═════ Material supplied ═════

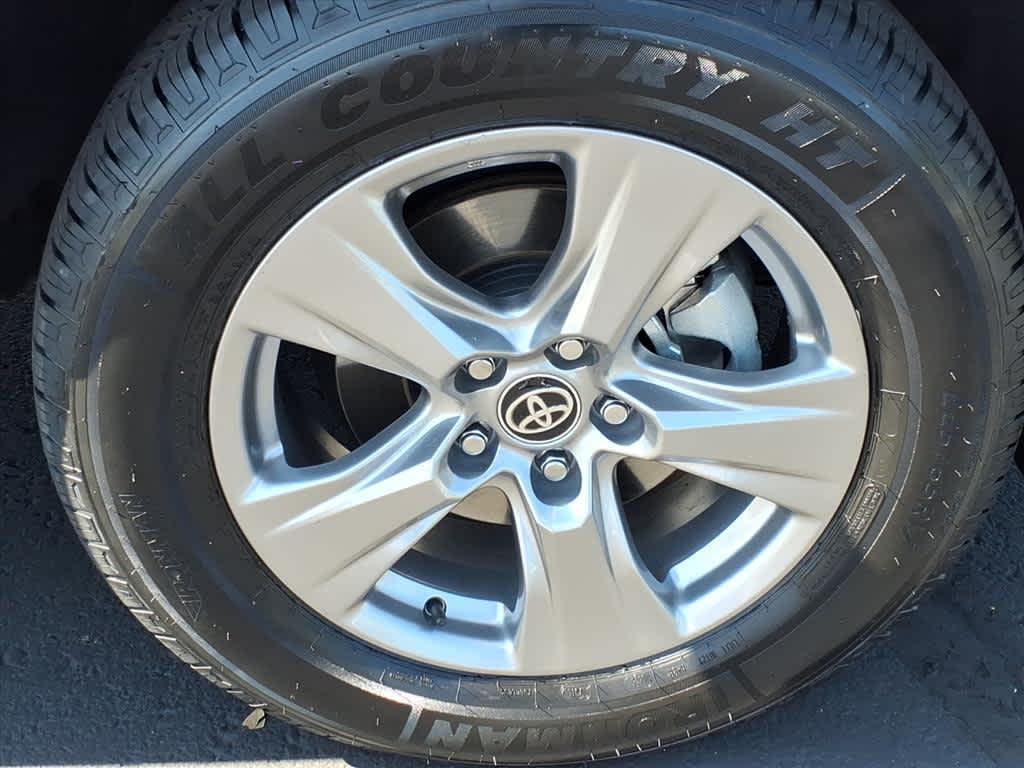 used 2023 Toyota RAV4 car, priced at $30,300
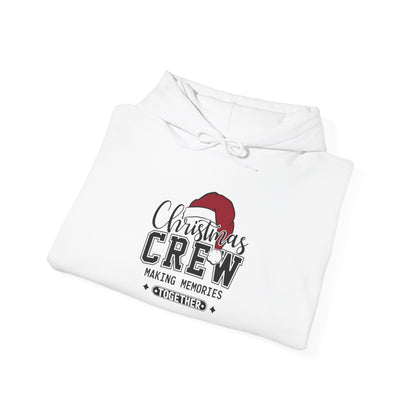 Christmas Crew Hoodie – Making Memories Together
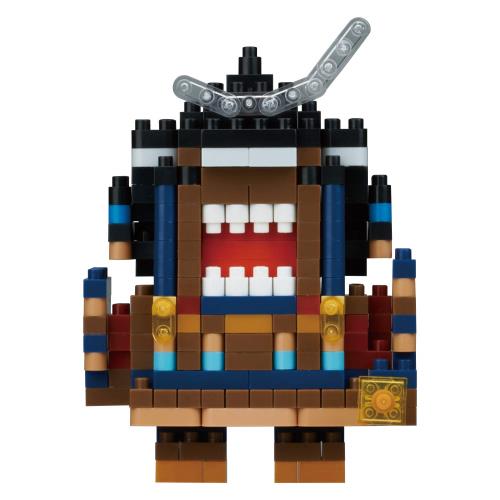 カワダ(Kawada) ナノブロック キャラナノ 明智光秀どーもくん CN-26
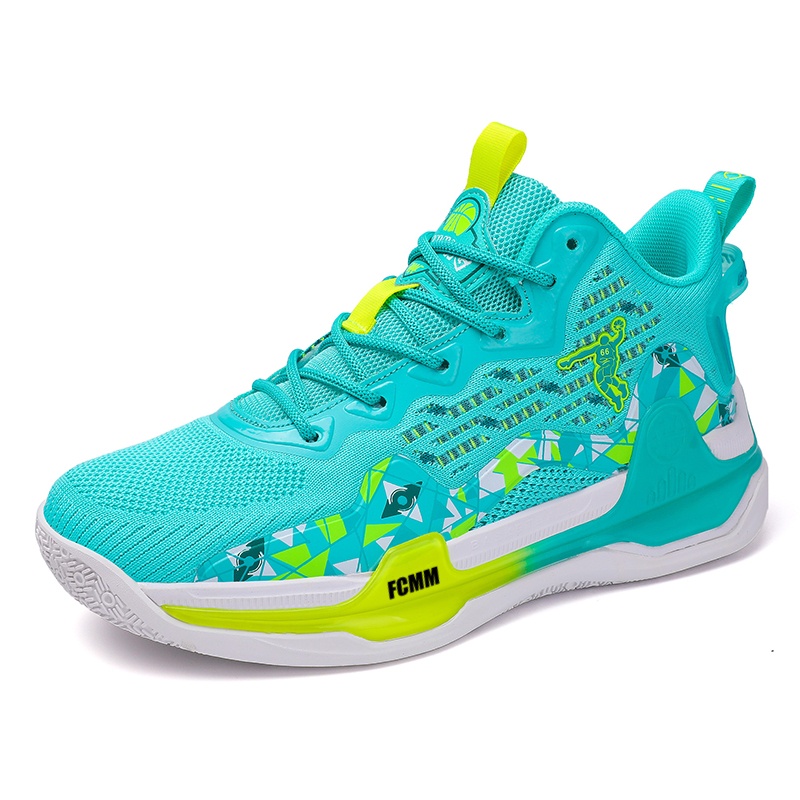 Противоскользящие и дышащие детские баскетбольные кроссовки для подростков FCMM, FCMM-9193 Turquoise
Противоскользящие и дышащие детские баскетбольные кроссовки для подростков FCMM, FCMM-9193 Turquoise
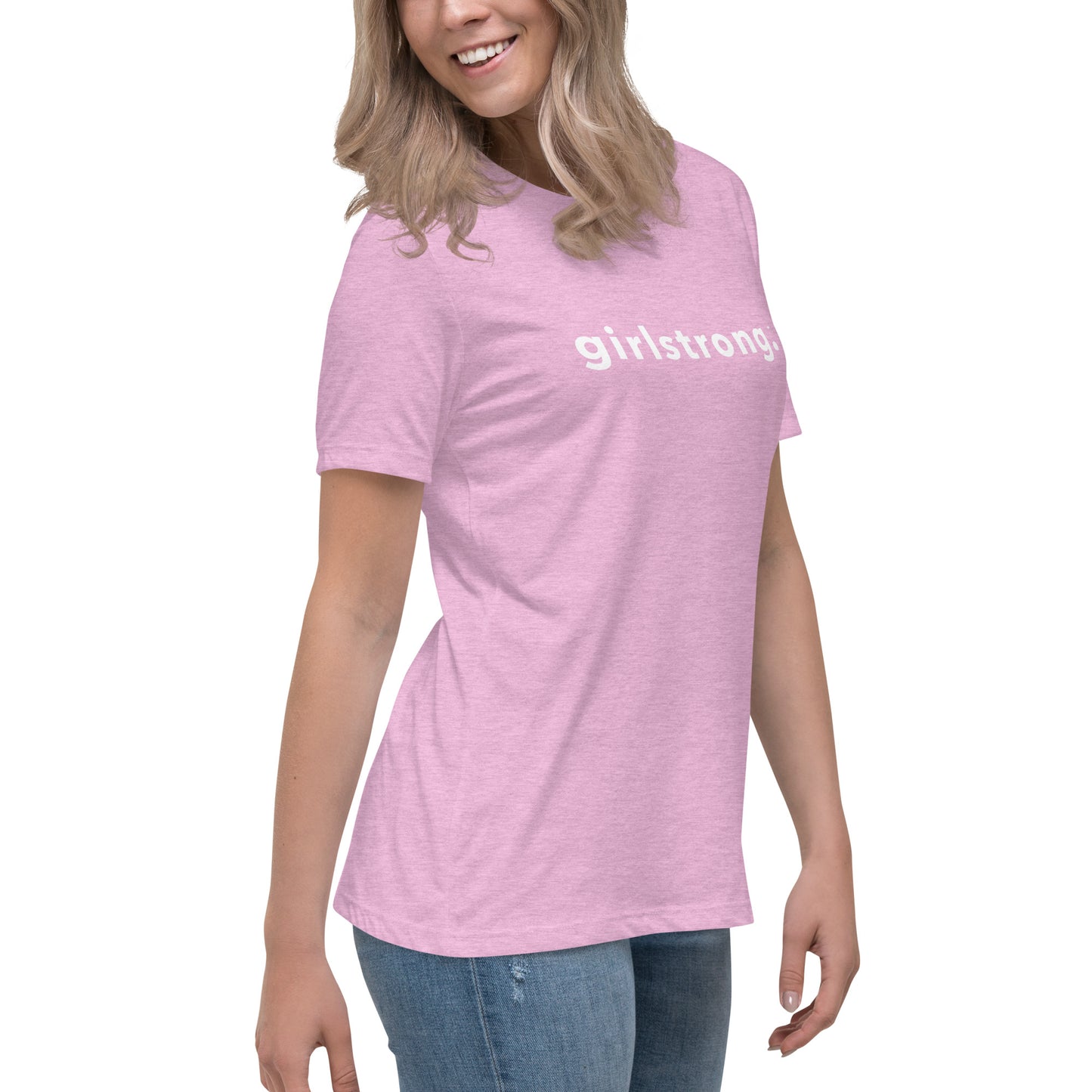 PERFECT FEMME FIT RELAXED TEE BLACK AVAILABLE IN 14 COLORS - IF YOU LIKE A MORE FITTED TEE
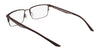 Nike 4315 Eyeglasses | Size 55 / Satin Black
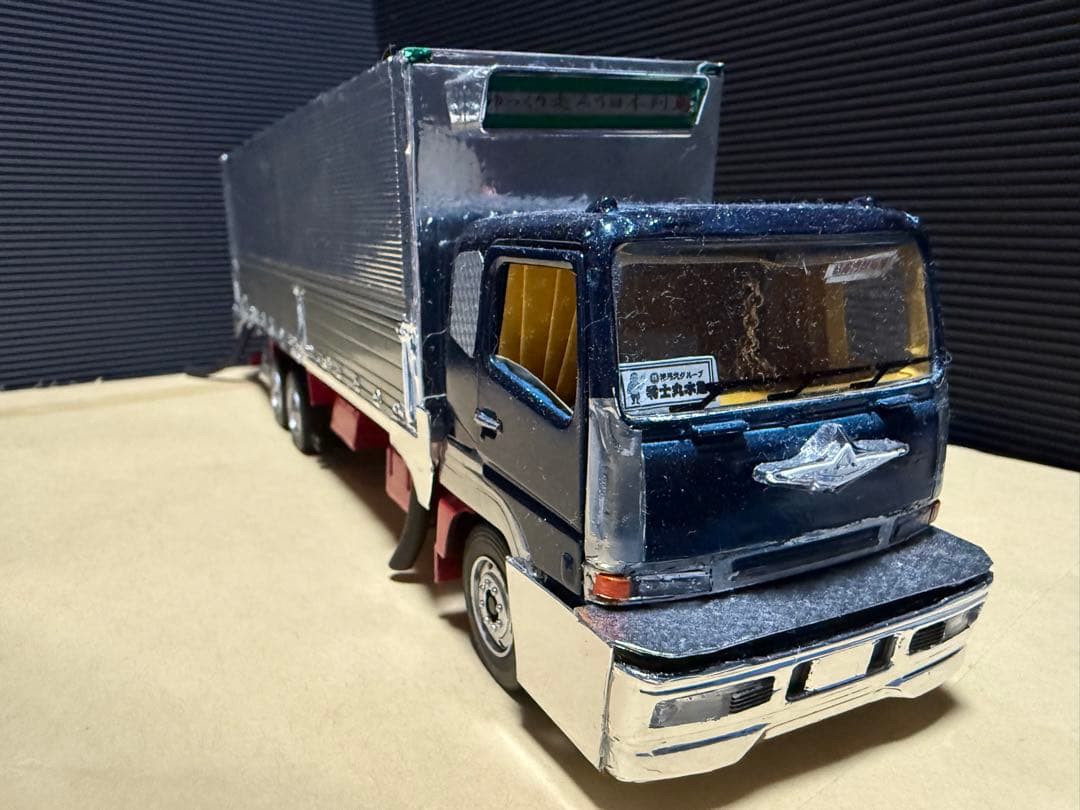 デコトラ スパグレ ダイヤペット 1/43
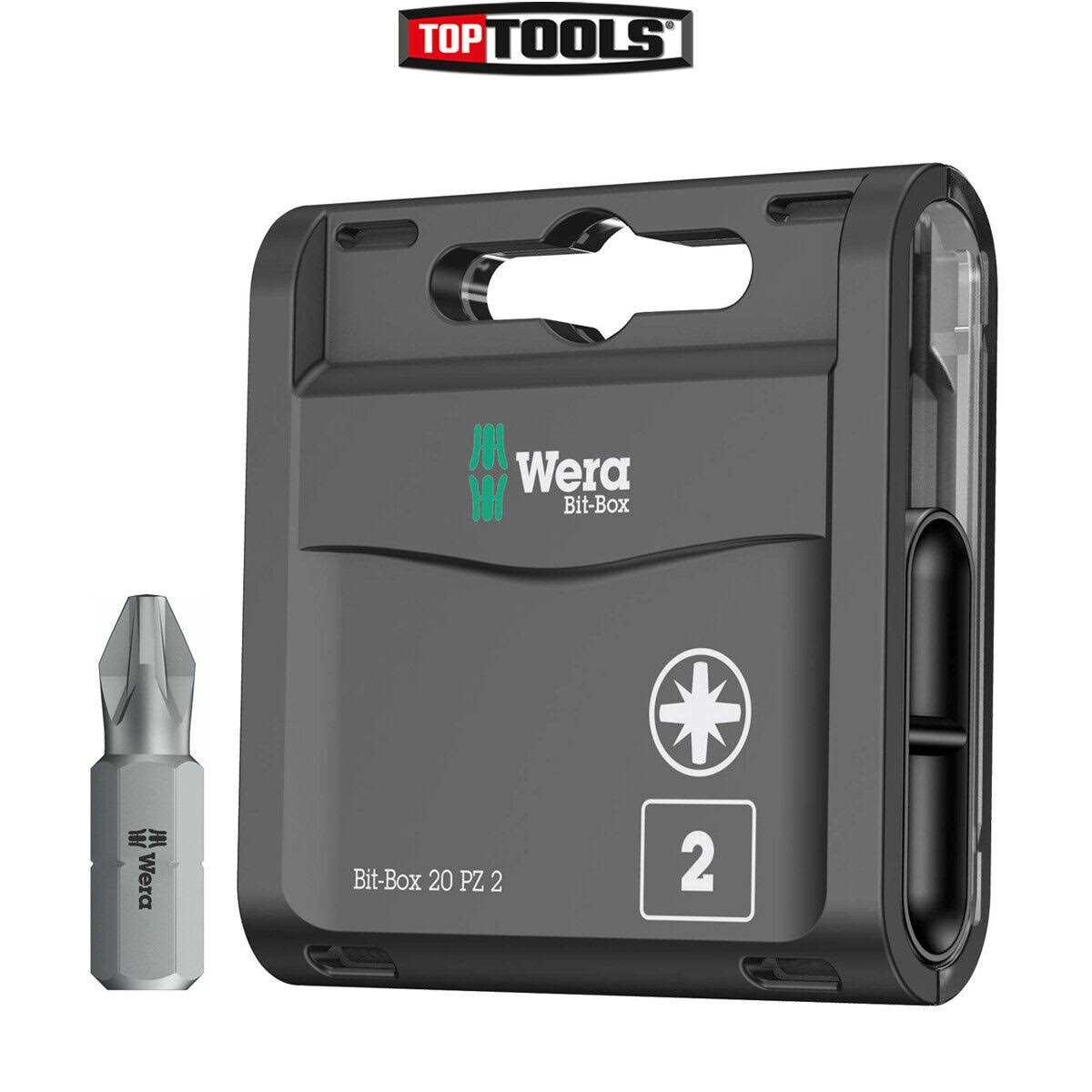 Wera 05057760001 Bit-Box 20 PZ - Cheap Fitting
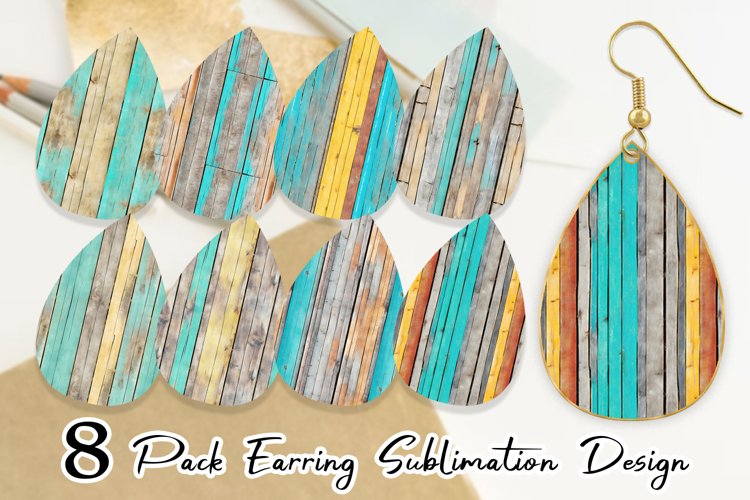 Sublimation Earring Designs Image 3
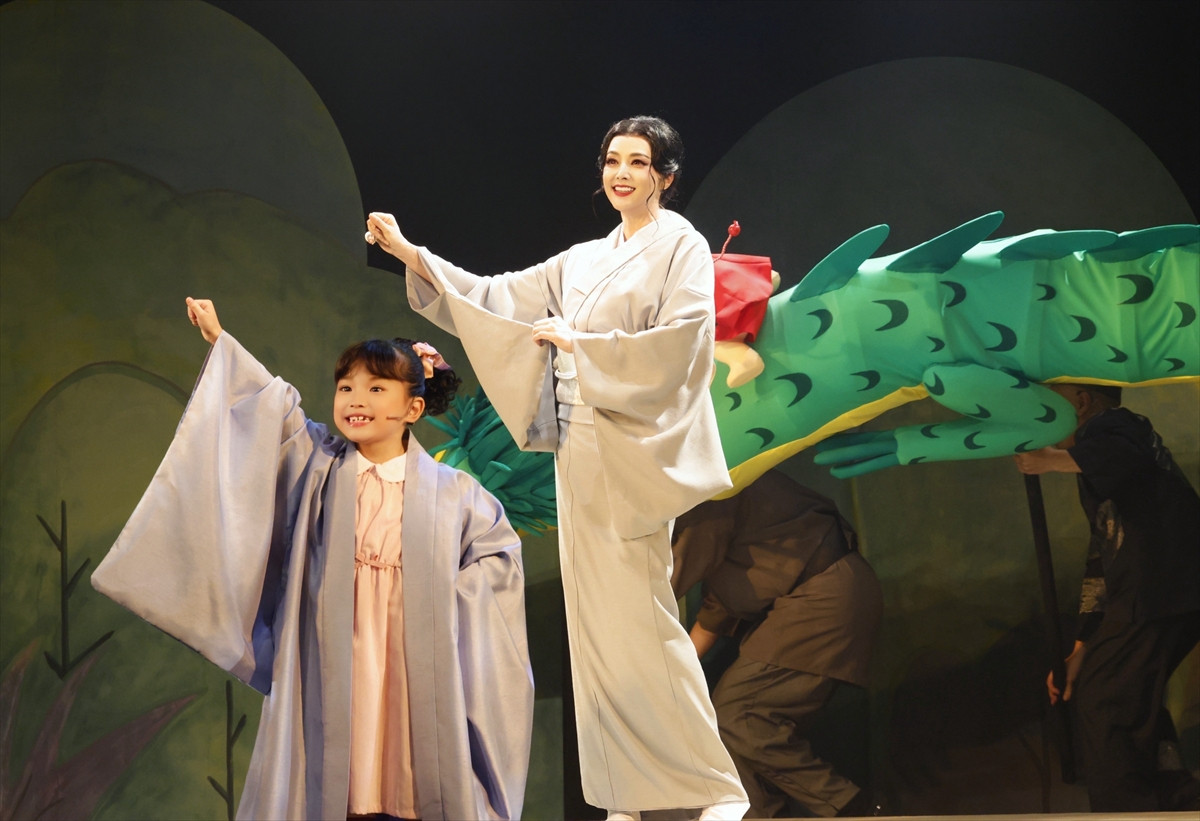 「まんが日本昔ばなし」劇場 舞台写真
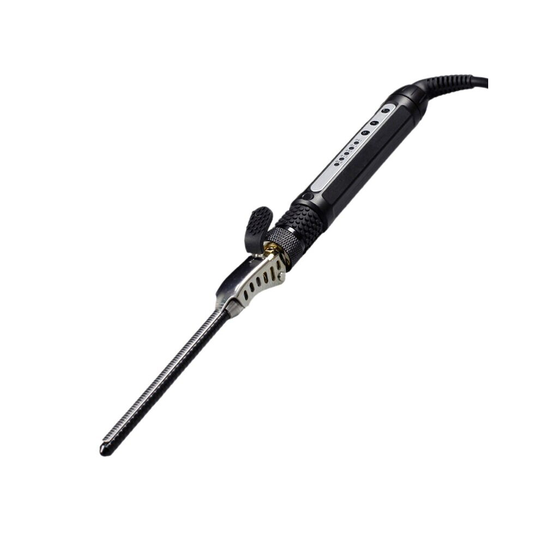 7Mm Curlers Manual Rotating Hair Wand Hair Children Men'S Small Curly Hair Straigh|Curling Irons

═════

- **What you will do**
The records above are to be quoted exactly, with all pictures left out.

- **Answer box**
 used 2023 Toyota RAV4 car, priced at $30,300
 Christmas Crew Hoodie – Making Memories Together
 カワダ(Kawada) ナノブロック キャラナノ 明智光秀どーもくん CN-26
 Противоскользящие и дышащие детские баскетбольные кроссовки для подростков FCMM, FCMM-9193 Turquoise
Противоскользящие и дышащие детские баскетбольные кроссовки для подростков FCMM, FCMM-9193 Turquoise
 PERFECT FEMME FIT RELAXED TEE BLACK AVAILABLE IN 14 COLORS - IF YOU LIKE A MORE FITTED TEE
 Nike 4315 Eyeglasses | Size 55 / Satin Black
 デコトラ スパグレ ダイヤペット 1/43
 Wera 05057760001 Bit-Box 20 PZ - Cheap Fitting
 Sublimation Earring Designs Image 3
 「まんが日本昔ばなし」劇場 舞台写真
 7Mm Curlers Manual Rotating Hair Wand Hair Children Men'S Small Curly Hair Straigh|Curling Irons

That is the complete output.